JPS6222159B2 - - Google Patents

Description

DETAILED DESCRIPTION OF THE INVENTION The present invention relates to a multiple-tone electronic musical instrument that uses digital technology to preferentially generate a desired number of high-pitched or low-pitched tones.

Conventionally, in order to generate multiple tones in a monophonic musical instrument such as a synthesizer, a high/low tone priority selection circuit is used. The present applicant has constructed a priority selection circuit for two high and low tones by using a digital circuit to control serial data from a key data generation circuit using a counter and a latch circuit, etc., in accordance with Japanese Patent Application No. 160597/1983. suggested something. Further, in Japanese Patent Application Nos. 53-13332 and 1987-137618, we proposed a multitone electronic musical instrument that uses digital technology to preferentially generate a desired number of tones of three or more. In these proposed circuits, for example, in the case of a three-note bass priority circuit, even if four or more keys are pressed, the key information for the first three notes is stored in three memory circuits, and the keys pressed later are ignored. It will be done. In this case, if the last key pressed has a lower pitch than the previous three keys, a higher pitched sound will be generated, which is different from what the performer intended, giving a strange feeling.

SUMMARY OF THE INVENTION An object of the present invention is to provide a multitone electronic musical instrument that uses digital technology to preferentially emit a desired number of tones in the high or low range.

In order to achieve the above object, the multitone electronic musical instrument of the present invention converts the output clock pulse of the clock pulse generator into a time-division pulse, scans each key sequentially from the bass (or treble) side, and presses the time-division signal of the pressed key. a key data generation circuit that outputs a key signal; a counter that counts the output clock pulses of the clock pulse generator; and N memory circuits that write and store the count value of the counter using the key press signal as a write signal; A compound tone comprising: a comparison circuit that compares the contents of a storage circuit with a counted value of the counter; and means for guiding an output signal of the comparison circuit to a musical sound waveform forming circuit that converts the contents of the storage circuit into a musical tone.
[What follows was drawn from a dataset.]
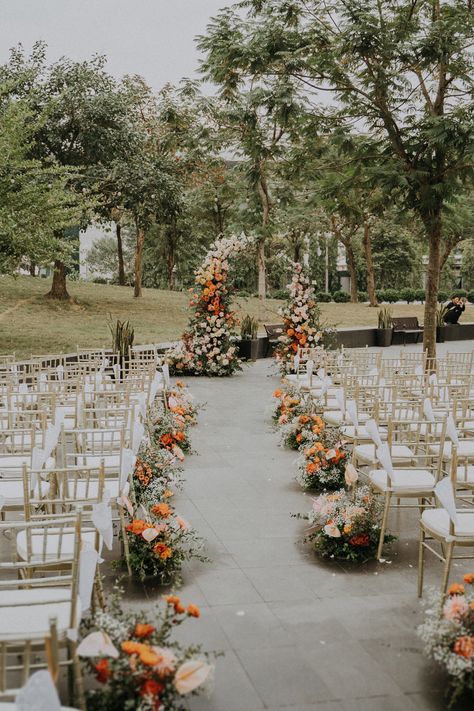 Ceremony Flowers Aisle, Fall Wedding Venues, Vietnam Wedding, Fall Garden Wedding, Fall Wedding Ceremony, Wedding Isles, Orange Wedding Flowers, Aisle Flowers, Garden Weddings Ceremony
In the electronic musical instrument, a counting circuit is provided which outputs a control signal when the number of key press signals from the key data generation circuit in one scan of each key exceeds N, and the control signal of the counting circuit causes the number of key presses to exceed N. A means for blocking the passage of key press signals is provided, and even when N or more keys are pressed,
This is characterized in that only N musical tones on the low (or high temperature) side are generated.

The present invention will be described in detail below with reference to examples.

The figure is an explanatory diagram showing the configuration of an embodiment of the present invention. This figure shows the application of the present invention to the example proposed in the aforementioned Japanese Patent Application No. 53-137618.

To outline the configuration of the above proposed example, the number of keyboards can be
It has 61 keys and produces 3 tones. In the figure, a basic clock from a clock pulse generation circuit 11 is inputted to a key data generation circuit 12 via a frequency divider 10, and 61 keys are sequentially scanned and serial data (SD )2 and outputs 1 every scanning time.
A one-scan synchronizing pulse 3 is output.
Also, the clock pulse 1 from the frequency divider 10 is input into a counter 13 and counted. In the case of 61 keys, this counter 13 is used to count 2 ⁶ =64 keys.

Next, circuits 30 ₁ , 30 ₂ , 30 ₃ shown surrounded by broken lines in the figure are provided corresponding to the three tones. These same circuits are connected in parallel to store a desired plurality of tones and send them to the tone waveform forming circuit 25. The circuit ₃₀₁ will be described as a representative example.

The signal of the counter 13 mentioned above is input to the memory circuit 14 ₁ , is stored by a read signal from the AND circuit 19 ₁ described later, is D/A converted by the D/A converter 16 ₁ , and is opened/closed by the gate circuit 17 ₁ . The signal is input to the musical sound waveform forming circuit 25. The output of the memory circuit 14 ₁ is transmitted to the memory circuits 14 ₂ of other circuits,
14 ₃ along with the data multiplexer 31
input and multiple processing. That is, the output of the counter 23 that operates based on the basic clock is sent to the decoder 24.
The outputs 6 ₁ , 6 ₂ , 6 ₃ are sequentially scanned as high level, and the selected output is sent to the comparison circuit 3
2 and compare it with the output of the counter 13, and send the matching signal to the inverter circuit 21 and each AND circuit 20 ₁ ', 2
0 ₁ ″, etc. Through this AND20 ₁ ′, 20 ₁ ″, outputs 6 ₁ to 6 ₃ and serial data 2 are respectively output.
The output synchronized with the key press detection circuit 181 is input to the reset (R) terminal of the key press detection circuit ₁₈₁ . The key press detection circuit ₁₈₁ consists of, for example, a shift register with Q ₀ and Q ₁ outputs, and a 1-scan synchronization pulse 3 is input to its clock (C) terminal.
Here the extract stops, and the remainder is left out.